New England will have more than enough electricity in three years, but it could get pricey

Solar panels are installed at Spring Ledge Farm in New London as part of a transition to renewable energy, including wood heat.

Solar panels are installed at Spring Ledge Farm in New London as part of a transition to renewable energy, including wood heat. Courtesy

By DAVID BROOKS

Monitor staff

Published: 02-12-2024 10:46 AM

ISO-New England, the folks who run the six-state power grid, have announced results for the latest capacity auction, which pays power plants a fixed amount regardless of their output, a system designed to make sure there will be enough electricity available three years from now.

As is always the case, the auction found there will be more than enough electricity in 2027-2028. A total of 31,500 megawatts cleared the auction, meaning they were the cheapest bids that met various issues. The total is several thousand over all-time maximum demand. Several points of interest:

■Winning bids were $3.58 per kilowatt-month, which is about 40% higher than the winning bid ($2.55) in last year's capacity auction. Power plants expect costs to keep rising, it seems.

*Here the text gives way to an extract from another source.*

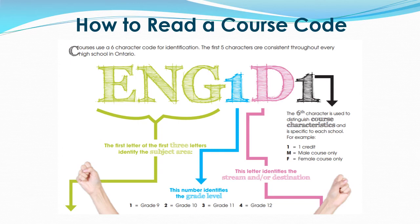The fifth character is a letter which identifies the stream or destination pathway. D refers to academic courses, P refers to applied courses, L refers to locally developed courses, and O refers to open level courses. The final character is used by the school to distinguish courses. Most courses will end with a 1, indicating 1 credit. However, some courses will end with a letter. For health and physical education, you will notice the course will end with M, indicating our male course, or F, indicating our female course.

■New and existing solar and wind generation, energy storage, and demand resources won in the auction, totaling about 5,540 MW or about 18% of all capacity.

■New solar generation and energy storage resources or facilities combining the two secured obligations totaling about 795 MW. This accounted for the majority of new generating resources, which also included about 185 MW of new wind resources.

Details about which power plants won in the auction will be released in a couple of weeks.